Abstract

Electrified autonomous mobility-on-demand (E-AMoD) systems will play a crucial role in future cities, which couple the carbon emissions generated by the transportation system and the power system. This paper proposes a joint dispatching framework to facilitate city decarbonization by coordinating the fleet operator and power system operator. Given the substantial differences in spatial and temporal dispatching scales between the two systems, this framework effectively integrates micro vehicle-level service dispatching with macro fleet-level charging scheduling. Firstly, a novel bipartite matching model efficiently solves the short-term passenger serving and rebalancing dispatching at the vehicle level. The service dispatching results are then aggregated as spatial-temporal transition flows across different areas and time intervals. Incorporating these mobility constraints, the long-term charging-discharging scheduling at the fleet level is captured as an expanded network flow model and integrated with the power system dispatching model, which aims at renewable energy utilization and carbon emission mitigation. Finally, the fleet-level scheduling results are disaggregated to the serving-rebalancing-charging sequences of each vehicle, for practical implementation.

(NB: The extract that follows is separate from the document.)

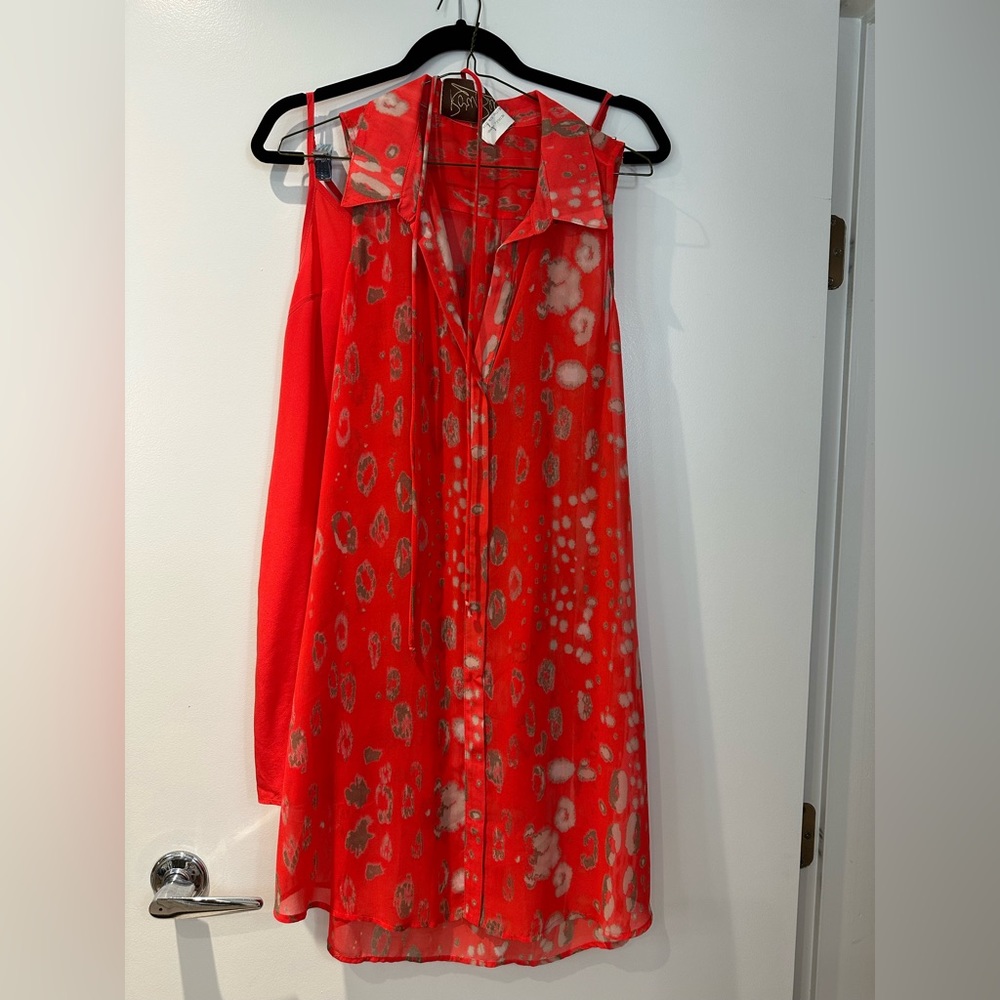 LIKE NEW 100% silk vintage Rory Beca dress with under slip and tie belt size S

To validate the proposed framework, numerical experiments are conducted on a large-scale real-world case. Multiple charging schedule scenarios, including heuristic charging, smart charging, and smart charging-discharging, are investigated under both centralized and distributed supplied power systems. (1) The framework proves to be an effective solution for addressing the differences in dispatching spatiotemporal scales, calculation efficiencies, and privacy concerns between power and traffic systems. (2) Through power-traffic coordination, the E-AMoD fleet demonstrates its ability to alleviate 8% of average renewable energy curtailment and reduce nearly 15% of the total emissions in a power system installed with renewable distributed generators. (3) Furthermore, the extent of emission mitigation effects is influenced by critical factors such as fleet size, renewable energy profile, and power system capacity. Overall, the E-AMoD system show great potential as mobile storage devices to provide spatial-temporal flexibility to the power system and contribute to city decarbonization.